Ainda não está simples qual é o significado comportamental do rugido intermediário. Cientistas há muito especulam que os rugidos transmitam informações sobre o tamanho do grupo, idade e identidade, mas a função de nuances específicas permanece um mistério. “Sem um Dr. Dolittle para transcrever cada rugido, ainda estamos interpretando esses sons às cegas”, brinca o pesquisador ao The Conversation.
Enquanto a tradução completa do “linguagem dos leões” parece distante – e definitivamente não deve manar no Duolingo tão cedo – a invenção reforça a teoria de que a savana é mais ruidosa, estruturada e sofisticada do que aparenta. E que, para proteger esse ecossistema, será necessário ouvir com mais atenção.

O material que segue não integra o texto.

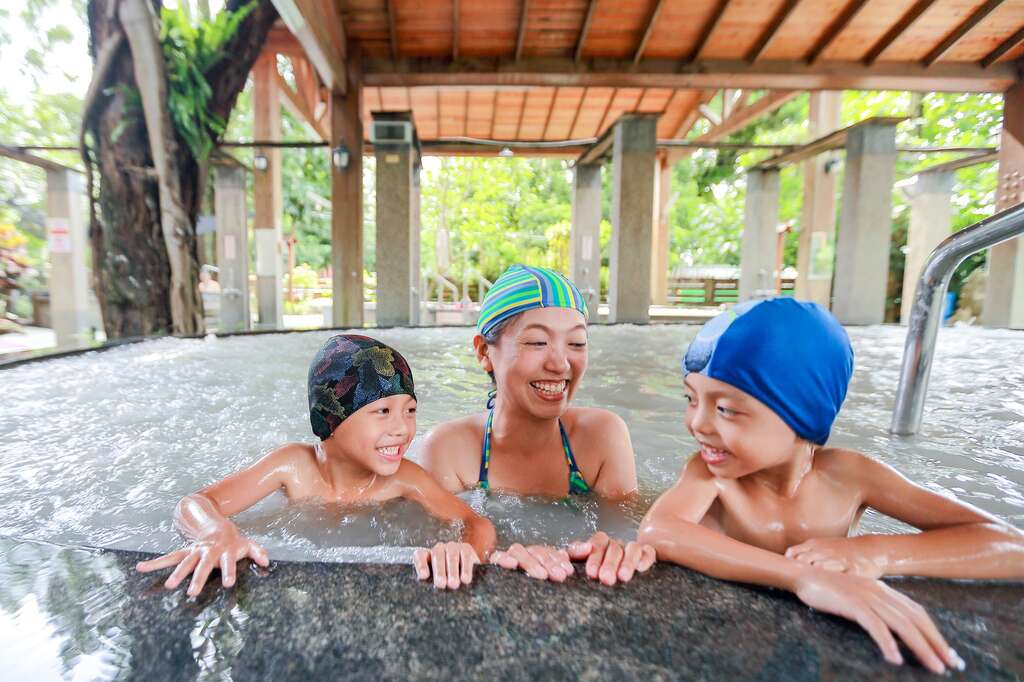 大人小孩泡了都暖心的关子岭泥浆温泉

Para Growcott, essa pesquisa aponta um caminho. “Acreditamos que é necessária uma mudança de paradigma no monitoramento da vida selvagem e uma transição em larga graduação para o uso de técnicas acústicas passivas”, afirma em expedido. Técnicas passivas de bioacústica, aliadas à lucidez sintético, prometem revelar padrões antes invisíveis – ou inaudíveis – aos cientistas e “se tornará vital para a conservação eficiente de leões e outras espécies ameaçadas.”